Signed-off-by: Zqiang <qiang1.zhang@intel.com>
Signed-off-by: Paul E. McKenney <paulmck@kernel.org>
Signed-off-by: Sasha Levin <sashal@kernel.org>
---
 kernel/rcu/tasks.h | 8 +++-----
 1 file changed, 3 insertions(+), 5 deletions(-)

diff --git a/kernel/rcu/tasks.h b/kernel/rcu/tasks.h
index f5bf6fb430dab..727e09909e403 100644
--- a/kernel/rcu/tasks.h
+++ b/kernel/rcu/tasks.h
@@ -560,8 +560,9 @@ static int __noreturn rcu_tasks_kthread(void *arg)
 static void synchronize_rcu_tasks_generic(struct rcu_tasks *rtp)
 {
 	/* Complain if the scheduler has not started.  */
-	WARN_ONCE(rcu_scheduler_active == RCU_SCHEDULER_INACTIVE,
-			 "synchronize_rcu_tasks called too soon");
+	if (WARN_ONCE(rcu_scheduler_active == RCU_SCHEDULER_INACTIVE,
+			 "synchronize_%s() called too soon", rtp->name))
+		return;
 
 	// If the grace-period kthread is running, use it.
 	if (READ_ONCE(rtp->kthread_ptr)) {
@@ -1036,9 +1037,6 @@ static void rcu_tasks_be_rude(struct work_struct *work)
 // Wait for one rude RCU-tasks grace period.
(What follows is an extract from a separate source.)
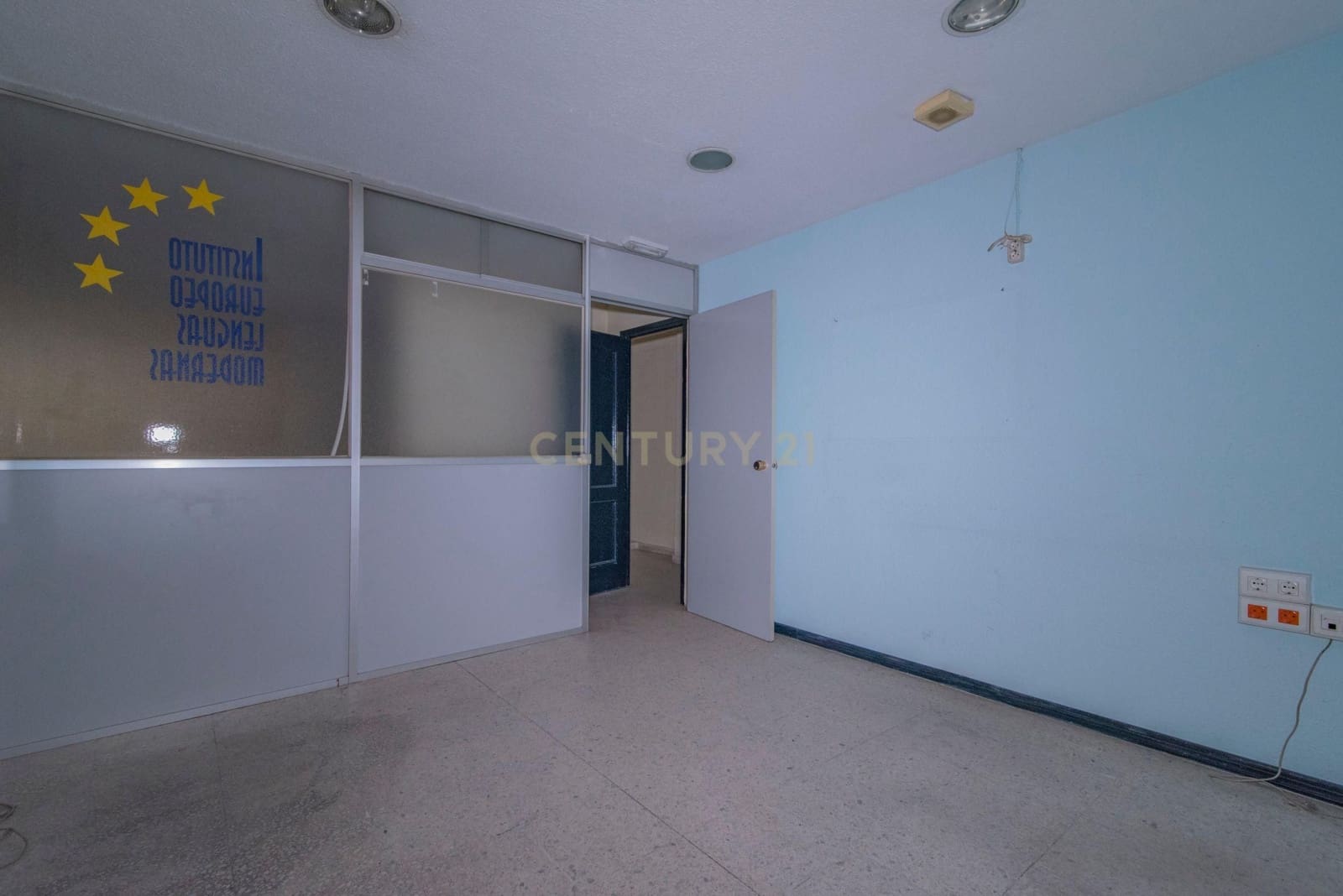 Commercieel te koop in Granada stad - € 350.000 (Ref: 9293620)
 static void rcu_tasks_rude_wait_gp(struct rcu_tasks *rtp)
 {
-	if (num_online_cpus() <= 1)
-		return;	// Fastpath for only one CPU.
-
 	rtp->n_ipis += cpumask_weight(cpu_online_mask);
 	schedule_on_each_cpu(rcu_tasks_be_rude);
 }
-- 
2.39.0